The Espionage Act ought to teach us that these are vital assets in our self-governance, but it’s not clear we have yet learned the lesson.

A Loaded Gun

By Erwin Chemerinsky

The Espionage Act of 1917 is a loaded gun waiting for the federal government to use it to punish speech. Indeed, throughout its history, it has been used to punish speech that should be deemed constitutionally protected. I especially worry that the Obama administration has set a precedent for the Trump administration, which has shown great hostility to the press. Since the enactment of the Espionage Act of 1917, twelve prosecutions have been brought under it for disclosures of information and nine of those were during the Obama administration.

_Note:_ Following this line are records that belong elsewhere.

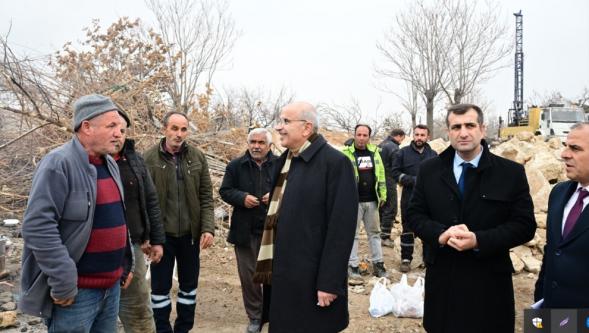 Başkan Er, Taştepe Mahallesi rezerv alanında incelemelerde bulundu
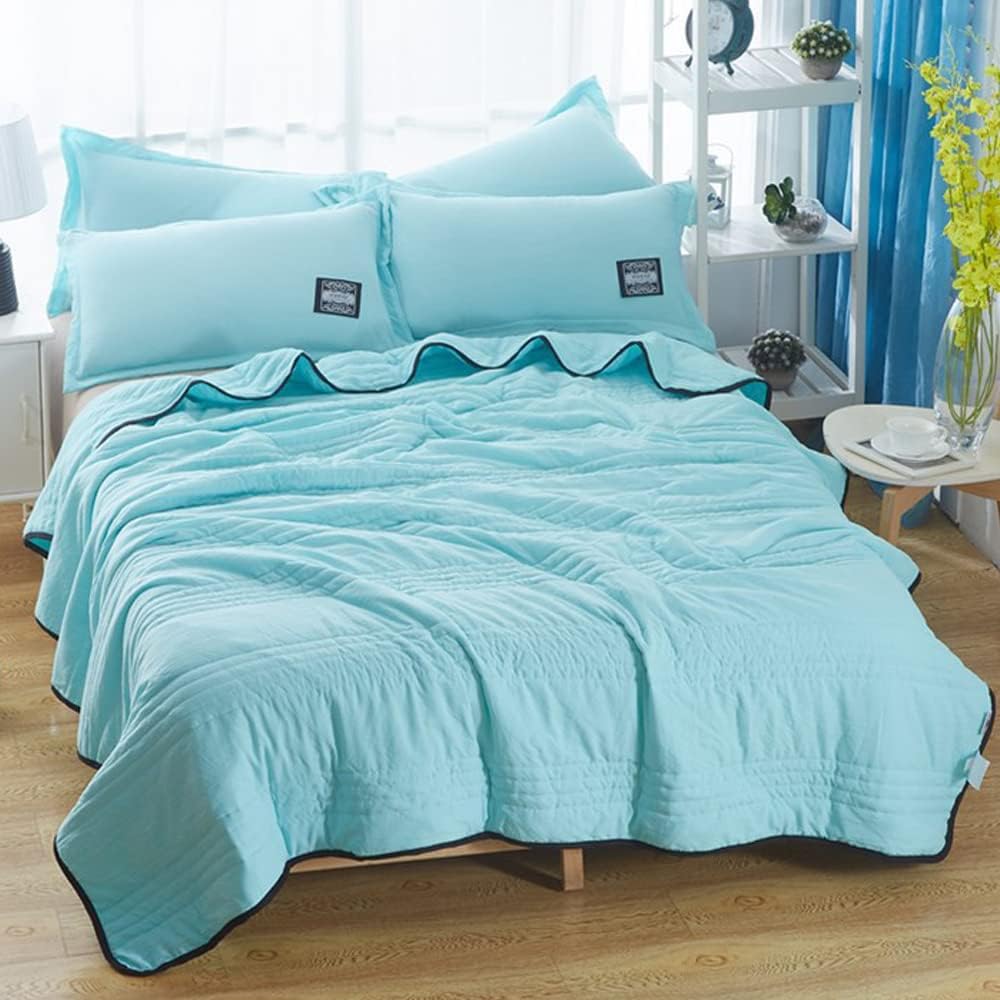 EverChill Cooling Blanket For Hot Sleepers With Moisture-Wicking Fabric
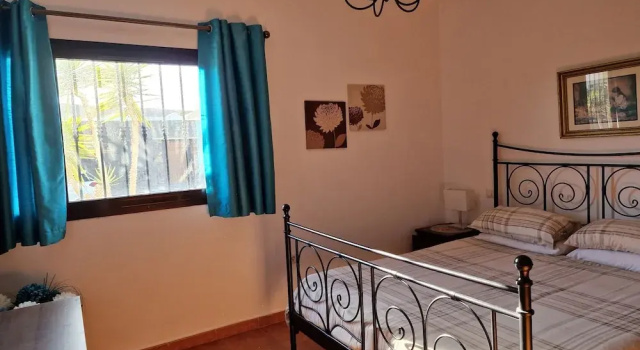 Villa Georgiana Spacious Quiet 4 Bed Property With Private Pool Sleeps 8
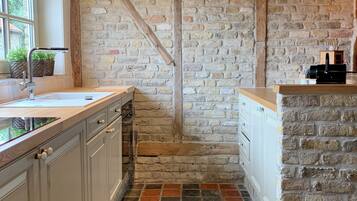 Micro-ondes, four, plaque de cuisson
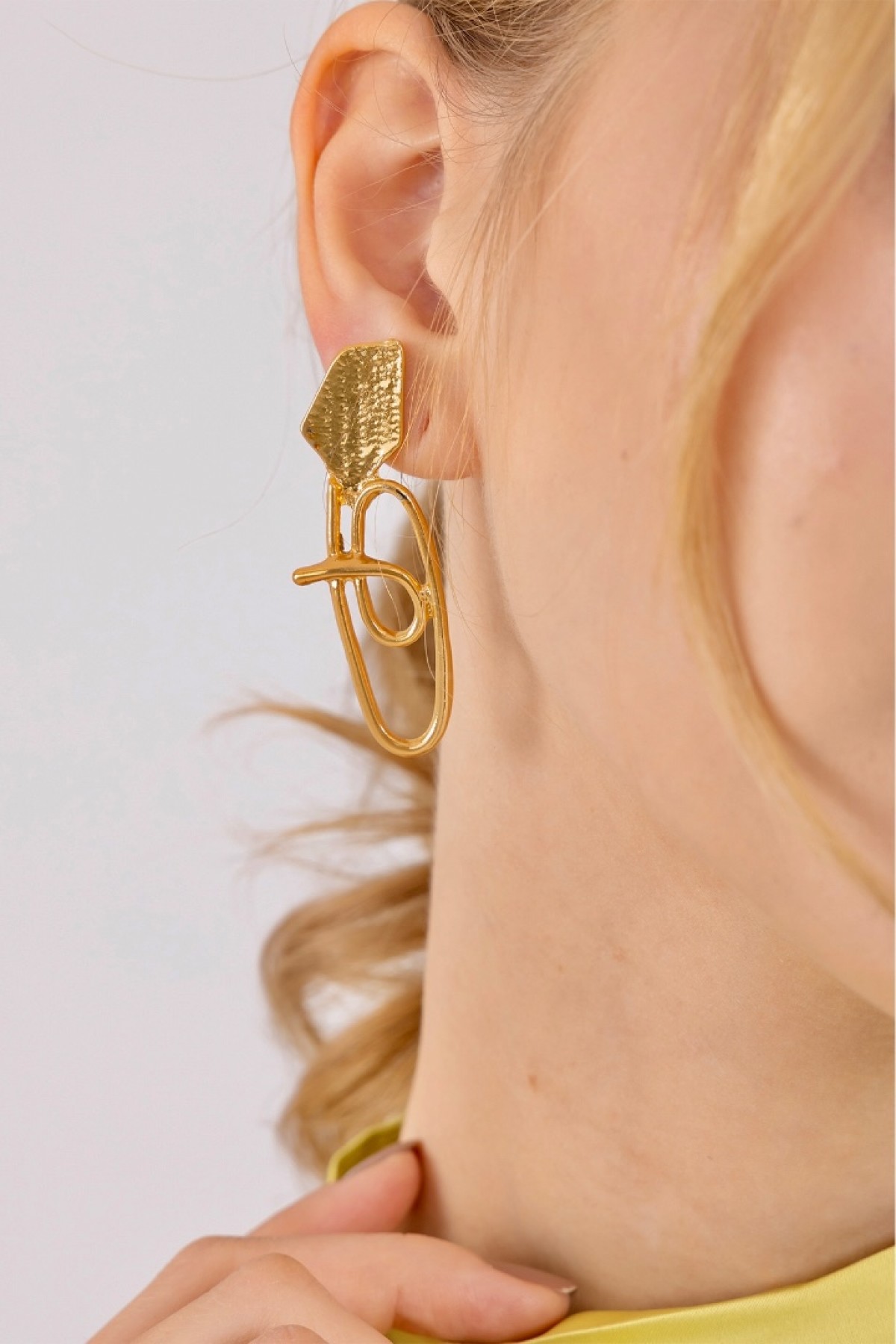 Artform Gold Earrings – Clarisse Accessories Clarisse Artform gold earrings – geometrik formlu altın küpe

The Espionage Act, by its very terms, is directed at restricting speech. The law makes it a crime to convey information with the intent to interfere with the operation of the armed forces or to promote the success of its enemies. The Act also makes it a federal crime to convey false reports or false statements with intent to interfere with the operation or success of the military or naval forces of the United States or to promote the success of its enemies when the United States is at war, to cause or attempt to cause insubordination, disloyalty, mutiny, refusal of duty, in the military or naval forces of the United States, or to willfully obstruct the recruiting or enlistment service of the United States. Yet another provision gives the Postmaster General the authority to impound or to refuse to mail publications that he determined to be in violation of its prohibitions.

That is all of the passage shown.